Originally from Toronto, Canada, Emma McIntyre began her career as a professional photographer over a decade and a half ago, however she discovered her love for the art form much earlier. “We always had cameras lying around the house because my dad was a hobbyist photographer, as was his father. I inherited a Pentax Spotmatic when I was 16 and fell in love with the whole process,” recalled McIntyre.
Today photos by Emma McIntyre can be found in a long list of publications like Rolling Stone, Nylon, The New York Times, Spin, Billboard, SELF China, Elle Malaysia, Elle Canada and many more.
Through her work with Toronto-based video magazine The Seventh Art, McIntyre has had the opportunity to shoot an incredible list of celebrity portraits with film icons like Whit Stillman, Peter Bogdanovich, Andrew Bujalski, Christopher Doyle, Xavier Dolan and Paul Schrader.
“I was especially excited to photograph Peter Bogdanovich as I was a huge Sopranos fan and I think he has such an iconic look,” explained McIntyre. “I had about two seconds to capture a portrait of him between takes and he just stared deep into the barrel of the lens and gave me an image that I just love.”

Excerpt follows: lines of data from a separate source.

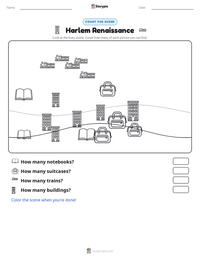 Harlem Renaissance printable worksheet preview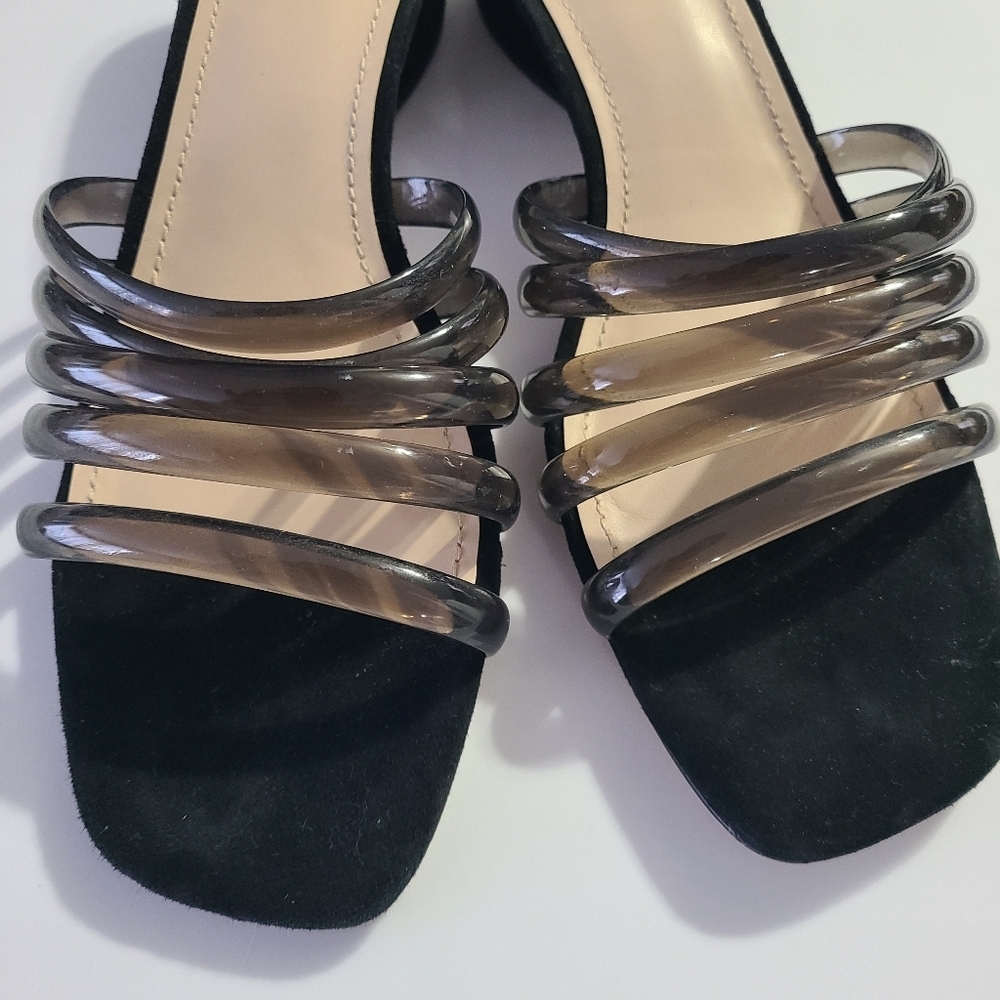 Botkier Black‎ Women's Slide Sandals 7.5 Classy Yani Suede Heels - Picture 8 of 10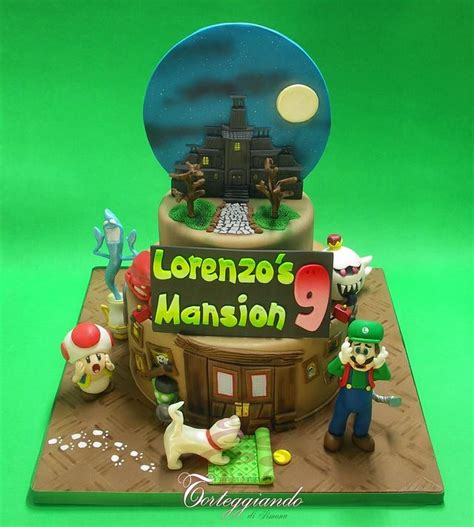 Luigi Mansion Cake Decorated Cake By Torteggiando Cakesdecor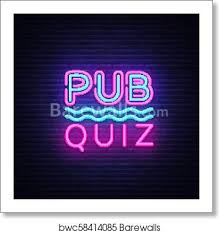 With physical distancing and quarantining taking precedent over social gatherings, trivia night looks completely different than it did earlier this year. Pub Quiz Night Announcement Poster Vector Design Template Quiz Night Neon Signboard Light Banner Pub Quiz Held In Pub Or Bar Night Club Pub Team Game Questions Game Bright Retro Sign Vector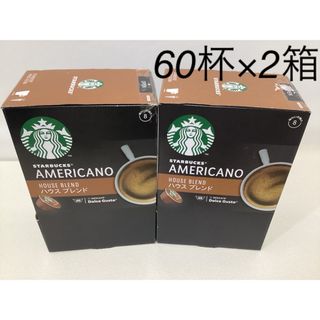 スターバックスコーヒー(Starbucks Coffee)のスターバックス　ドルチェグスト互換　ハウスブレンド/ラテマキアート　60杯分(コーヒー)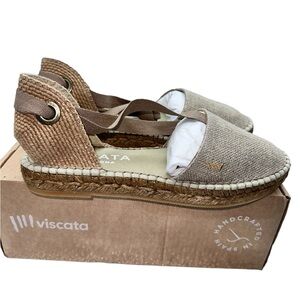 NEW w/Box Viscata Candell Linen Espadrilles, Size 7
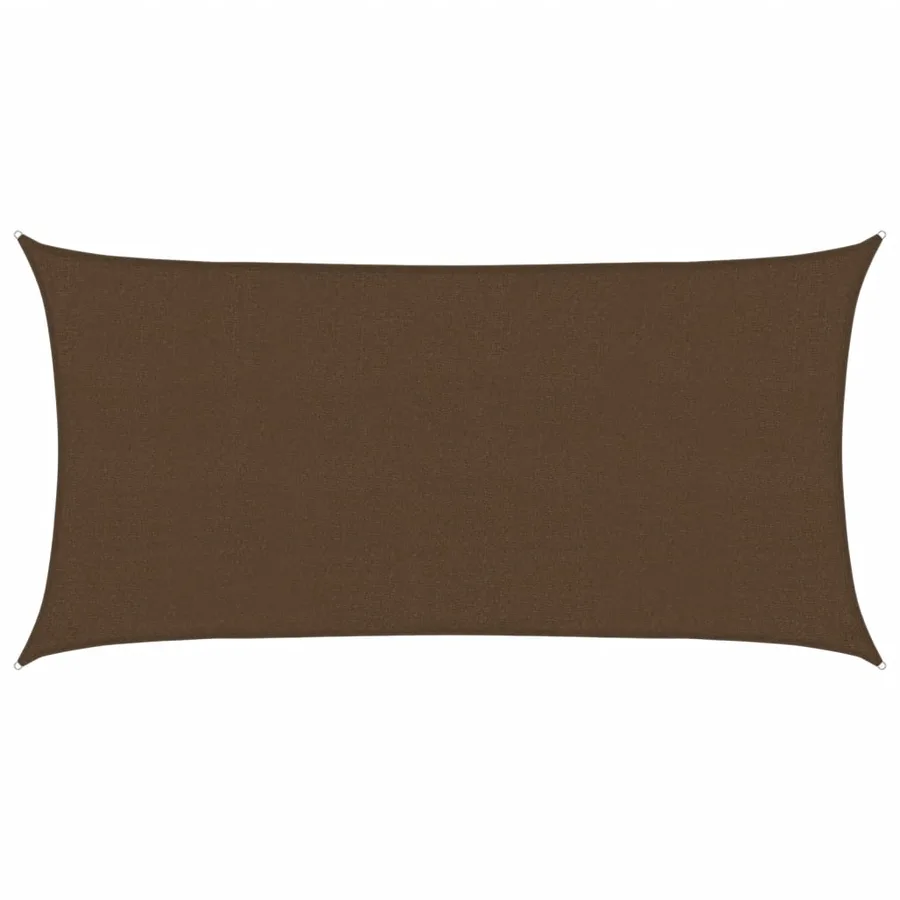 Voile d'ombrage 160 g/m² Marron 2,5x5 m PEHD - 2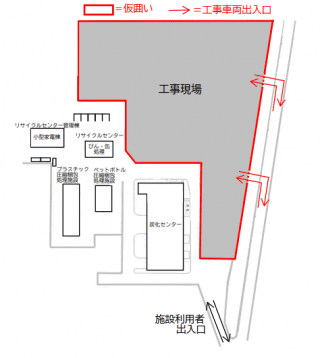 工事範囲図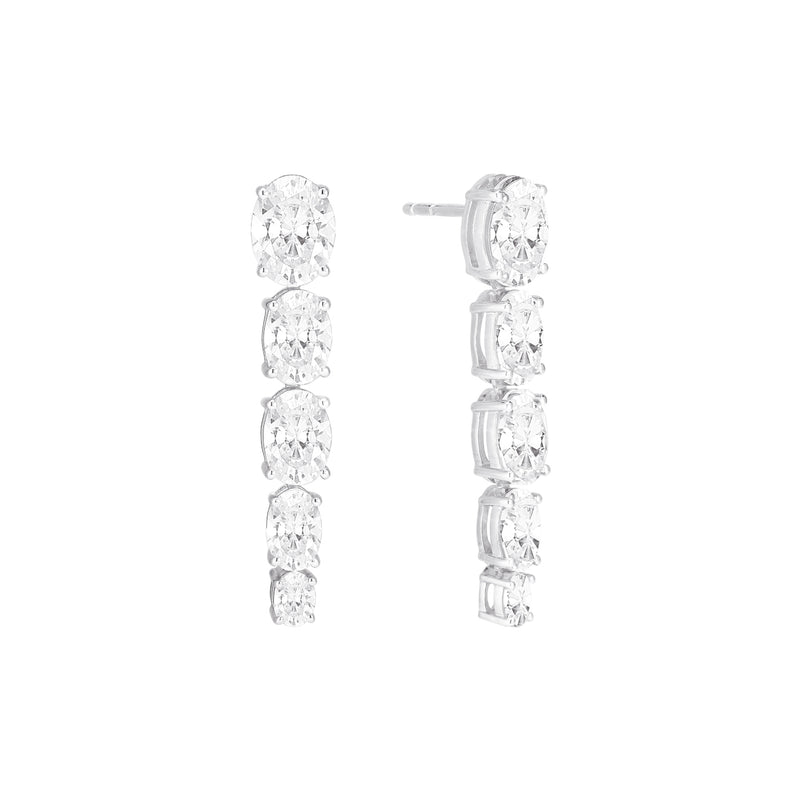 Sif Jakobs Ellisse 925 Sterling Silver Drop earrings SJ-E2323-CZ-zoom-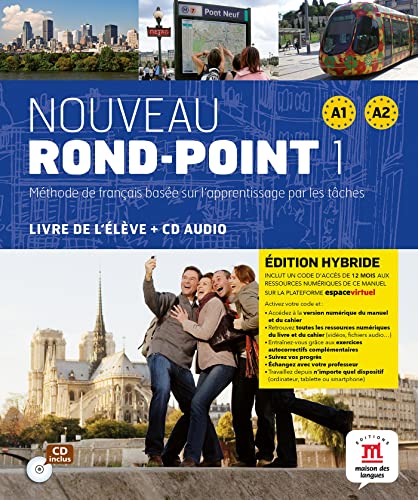 9788419236685: Nouveau Rond-point 1 d. hybride Livre de llve: methode de francais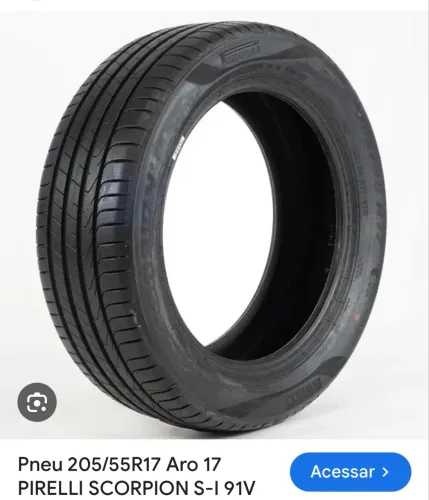 Pneu pirelli scorpion 205/55/17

In addition to photographing international celebrities, McIntyre is also known for her work as a unit stills photographer where she uses her skills to capture images for the publicity of films, television shows and documentaries.
“I’ve worked on a number of television shows including Curious and Unusual Deaths, Inventions That Shook The World, Rescue Mediums, Totally Amp’d and Million Dollar Critic as well as films such as Everyday is Like Sunday and Diamond Tongues (currently in post-production),” said McIntyre.
The images captured by Emma McIntyre and other unit stills photographers in the industry are a vital factor in the success of a film or television project as their shots are often the first ones potential viewers encounter. While this area of work undoubtedly requires a skilled photographer with immense creativity, the additional demands that accompany working on set causes many photographers to either shy away or be incapable of handling the role. In spite of their pursuit of the perfect shot, unit stills photographers must work around several different departments in order to ensure they aren’t interfering with the production, a feat McIntyre continually accomplishes with ease and grace.
“It can be a fun collaboration with the producers/ directors when conceptualizing what will work for publicity images,” explained McIntyre. “I like the TV and film world because it always takes you to places you wouldn’t expect and especially in the more documentary type of television you have an opportunity to encounter interesting experts and perspectives.”